问题
An update to my previous post, with some changes:
Say that I have 100 tweets.
In those tweets, I need to extract: 1) food names, and 2) beverage names. I also need to attach type (drink or food) and an id-number (each item has a unique id) for each extraction.
I already have a lexicon with names, type and id-number:
lexicon = {
'dr pepper': {'type': 'drink', 'id': 'd_123'},
'coca cola': {'type': 'drink', 'id': 'd_234'},
'cola': {'type': 'drink', 'id': 'd_345'},
'banana': {'type': 'food', 'id': 'f_456'},
'banana split': {'type': 'food', 'id': 'f_567'},
'cream': {'type': 'food', 'id': 'f_678'},
'ice cream': {'type': 'food', 'id': 'f_789'}}
Tweet example:
After various processing of "tweet_1" I have this sentences:
sentences = [
'dr pepper is better than coca cola and suits banana split with ice cream',
'coca cola and banana is not a good combo']

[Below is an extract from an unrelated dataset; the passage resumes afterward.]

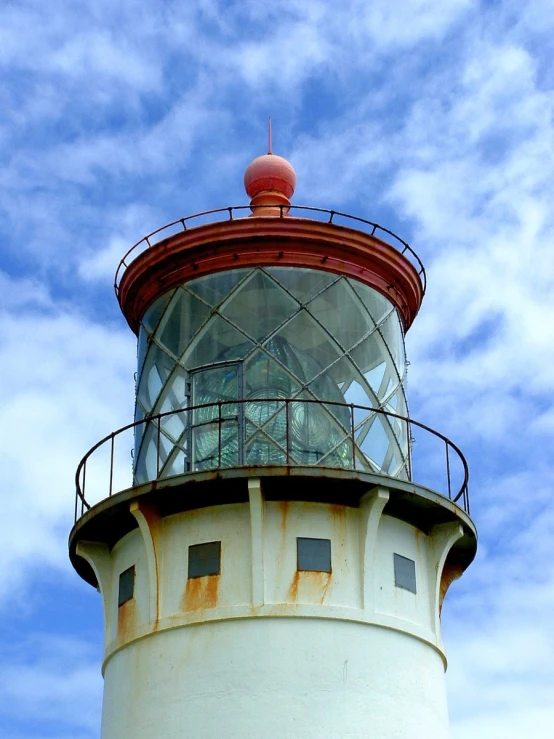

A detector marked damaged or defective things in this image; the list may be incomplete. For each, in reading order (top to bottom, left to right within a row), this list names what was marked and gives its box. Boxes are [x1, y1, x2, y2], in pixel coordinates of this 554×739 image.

rust stain [179, 580, 218, 612]
rust stain [436, 564, 462, 616]
rust stain [117, 600, 136, 640]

My requested output (can be other type than list):
["tweet_id_1",
[[["dr pepper"], ["drink", "d_124"]],
[["coca cola"], ["drink", "d_234"]],
[["banana split"], ["food", "f_567"]],
[["ice cream"], ["food", "f_789"]]],
"tweet_id_1",,
[[["coca cola"], ["drink", "d_234"]],
[["banana"], ["food", "f_456"]]]]
It's important that the output should NOT extract unigrams within ngrams (n>1):
["tweet_id_1",
[[["dr pepper"], ["drink", "d_124"]],
[["coca cola"], ["drink", "d_234"]],
[["cola"], ["drink", "d_345"]],
[["banana split"], ["food", "f_567"]],
[["banana"], ["food", "f_456"]],
[["ice cream"], ["food", "f_789"]],
[["cream"], ["food", "f_678"]]],
"tweet_id_1",
[[["coca cola"], ["drink", "d_234"]],
[["cola"], ["drink", "d_345"]],
[["banana"], ["food", "f_456"]]]]
Ideally, I would like to be able to run my sentences in various nltk filters like lemmatize() and pos_tag() BEFORE the extraction to get an output like the following. But with this regexp solution, if I do that, then all the words are split into unigrams, or they will generate 1 unigram and 1 bigram from the string "coca cola", which would generate the output that I did not want to have (as the example above). The ideal output (again the type of the output is not important):
["tweet_id_1",
[[[("dr pepper", "NN")], ["drink", "d_124"]],
[[("coca cola", "NN")], ["drink", "d_234"]],
[[("banana split", "NN")], ["food", "f_567"]],
[[("ice cream", "NN")], ["food", "f_789"]]],
"tweet_id_1",
[[[("coca cola", "NN")], ["drink", "d_234"]],
[[("banana", "NN")], ["food", "f_456"]]]]
回答1:
May not be the most efficient solution, but this will definitely get you started -
sentences = [
'dr pepper is better than coca cola and suits banana split with ice cream',
'coca cola and banana is not a good combo']
lexicon = {
'dr pepper': {'type': 'drink', 'id': 'd_123'},
'coca cola': {'type': 'drink', 'id': 'd_234'},
'cola': {'type': 'drink', 'id': 'd_345'},
'banana': {'type': 'food', 'id': 'f_456'},
'banana split': {'type': 'food', 'id': 'f_567'},
'cream': {'type': 'food', 'id': 'f_678'},
'ice cream': {'type': 'food', 'id': 'f_789'}}
lexicon_list = list(lexicon.keys())
lexicon_list.sort(key = lambda s: len(s.split()), reverse=True)
chunks = []
for sentence in sentences:
for lex in lexicon_list:
if lex in sentence:
chunks.append({lex: list(lexicon[lex].values()) })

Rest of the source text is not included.